It's no wonder that many of our young people have cynical attitudes about their future prospects for employment and a good life.

But we can bury that cynicism if we work together, young and old, to fight poverty, injustice, and racism.

And the best way to build a better world for our children is to fight for our public libraries and public schools.

If I could bestow one gift upon young people, it would be a good education, an education rich in literature, science, mathematics, history, crafts, sport, and the fine arts. It would be an education with no shortage of excellent teachers and a full supply of the world's best books.

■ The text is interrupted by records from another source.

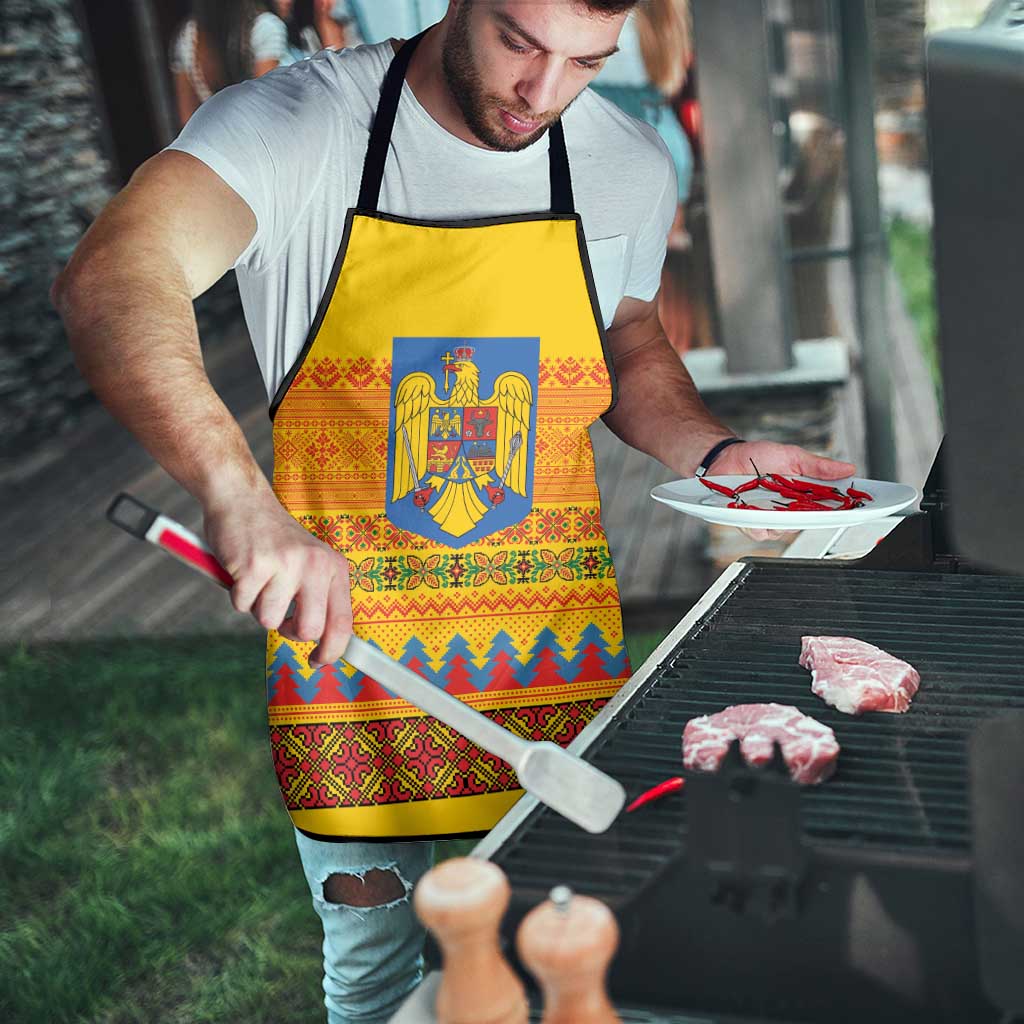 Romania Merry Christmas Apron Romania Emblem Traditional Folk Art - Polynesian Pride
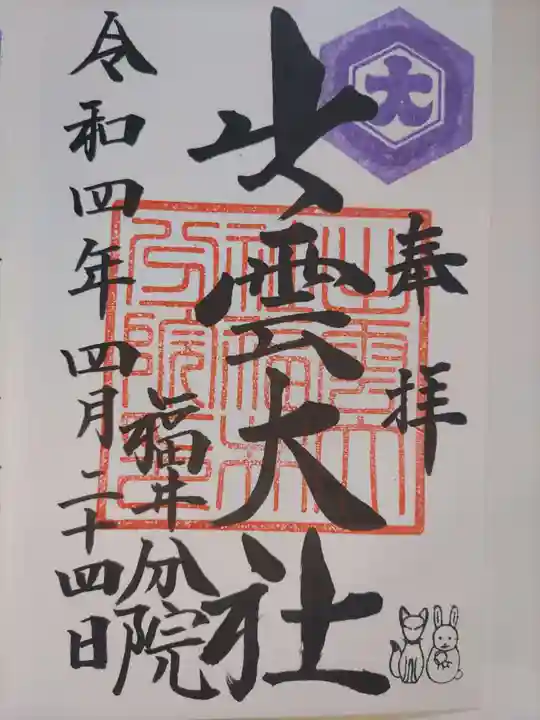 出雲大社福井分院の御朱印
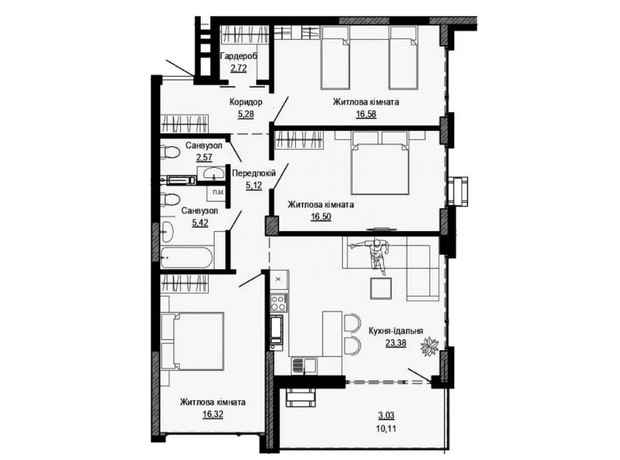 ЖК Pusha house: планування 3-кімнатної квартири 96.92 м²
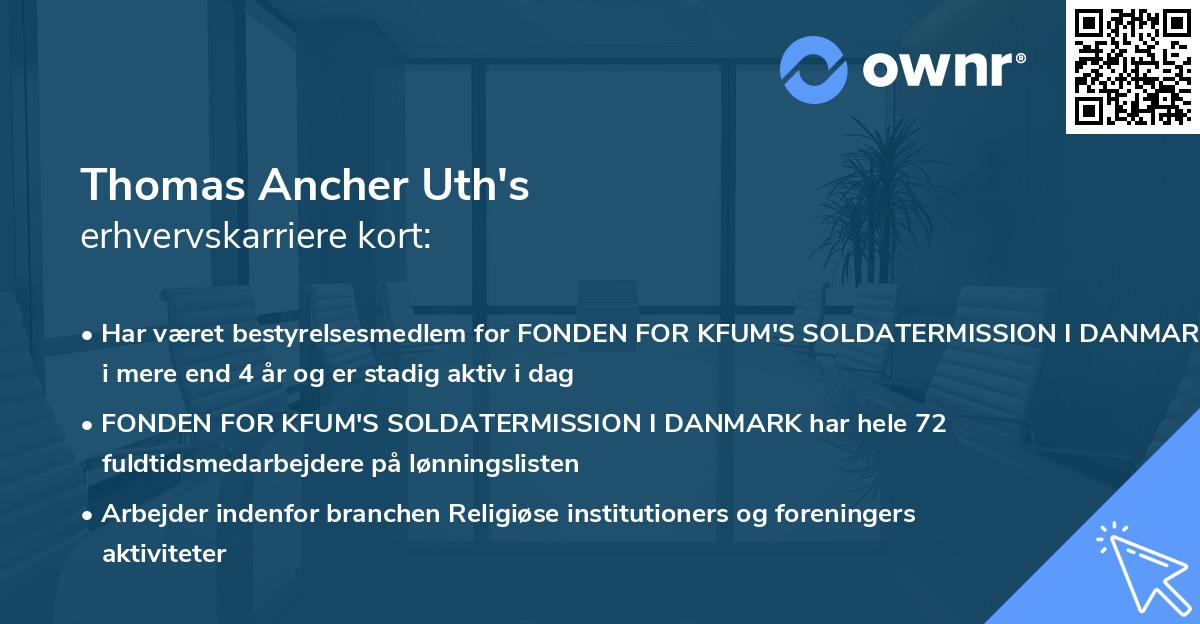 Thomas Ancher Uth's erhvervskarriere kort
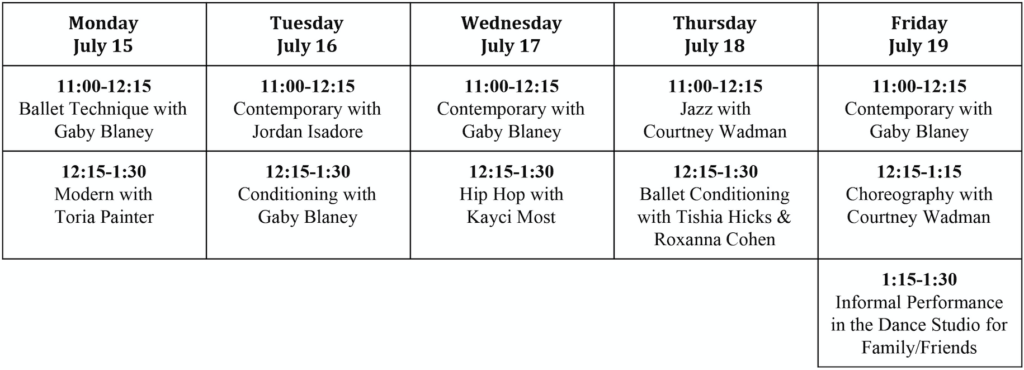 summer dance intensive schedule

And part of that ideal education would include teaching youth about community responsibility, public awareness, trustworthiness, respect, and compassion for their fellows.

Education doesn't just provide the next generation with the knowledge and skills they need to prosper; it also gives them the tools they need to make ethical choices.

Whenever I wonder why we’ve been put on this Earth, the example of the men and women I’ve known gives me my answer: we’re here to help, and to make the world a better place. Any chance we have to make a positive difference, as you have by supporting your library, should be taken: it’s a blessing.

...We all have a very personal stake in libraries, and so we have a responsibility to take a more active role in their maintenance and growth.

In a world of changes, contributing to the health of your library is one of the only legacies that really lasts.

And in building a legacy for your loved ones, you’re also investing in a more literate, more enlightened world.

Thank you, and enjoy your library.

1 comment:

fan for life said...

As I read the funding anouncement I had a vision of Lois speaking passionately about librairies and public education. Thanks for helping Lois. She was a great L-G.